The values in the interface are represented as a percentage ranging from 0-100%.
To determine this value, we use a cumulative distribution function (CDF). A Cumulative Distribution Function (CDF) is a function that gives the probability that a random value is less than or equal to another value. For a standard normal distribution, this is often represented as Φ(x). It essentially provides you with the cumulative probability for a given x-value.
The standard normal distribution is a special case of the normal distribution. It is a continuous probability distribution where the mean is 0 and the standard deviation is 1. The standard normal distribution is useful because any normal distribution can be transformed to a standard normal distribution.
The formula for the CDF of the standard normal distribution is:
Φ(x) = 0.5[1 + erf(x/√2)
- Φ(x) is the cumulative distribution function of the standard normal distribution.
- erf(x) is the error function.
- x is a random variable from the standard normal distribution.
In Taplytics, the CDF is used in conjunction with p-value computation to determine if the observed difference is statistically significant. If the computed p-value is less than 0.05 significance level, you reject the null hypothesis (which assumes no difference between A and B) and conclude that the difference is statistically significant.
Understanding Errors in Experimentation
In Taplytics Experimentation, just like any controlled experiment, you should anticipate three possible outcomes:
- Accurate results – When there's a genuine difference between baseline and the variation, the data reflects a winner or a loser accordingly. Conversely, when there's no significant difference, the data shows an inconclusive result.
- False-positive (Type I Error) – Your test data shows a significant difference between your original and variation, but it’s merely random noise in the data; there's no real difference between your original and your variation.
- False-negative (Type II Error) – Your test shows an inconclusive result, but your variation is genuinely different from your baseline.
Taplytics ensures an optimal balance between experiment sensitivity and reliability. We enable product and engineering teams to make informed, data-driven decisions, and ultimately, empower them to continuously improve and enhance user experience based on trustworthy insights.

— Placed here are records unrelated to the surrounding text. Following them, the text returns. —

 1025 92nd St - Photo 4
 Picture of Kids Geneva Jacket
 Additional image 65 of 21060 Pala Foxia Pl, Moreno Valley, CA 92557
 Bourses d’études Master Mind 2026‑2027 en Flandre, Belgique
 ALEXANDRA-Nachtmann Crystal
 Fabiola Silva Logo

Remember, the statistical tests used in Taplytics, and in A/B testing in general, provide a mathematical framework to make informed decisions. However, like all statistical tests, they are not infallible and are based on certain assumptions. Violations of these assumptions can lead to misleading results. It's crucial to understand the conditions of the tests and ensure that your data meets those conditions as closely as possible to draw valid conclusions from your A/B tests.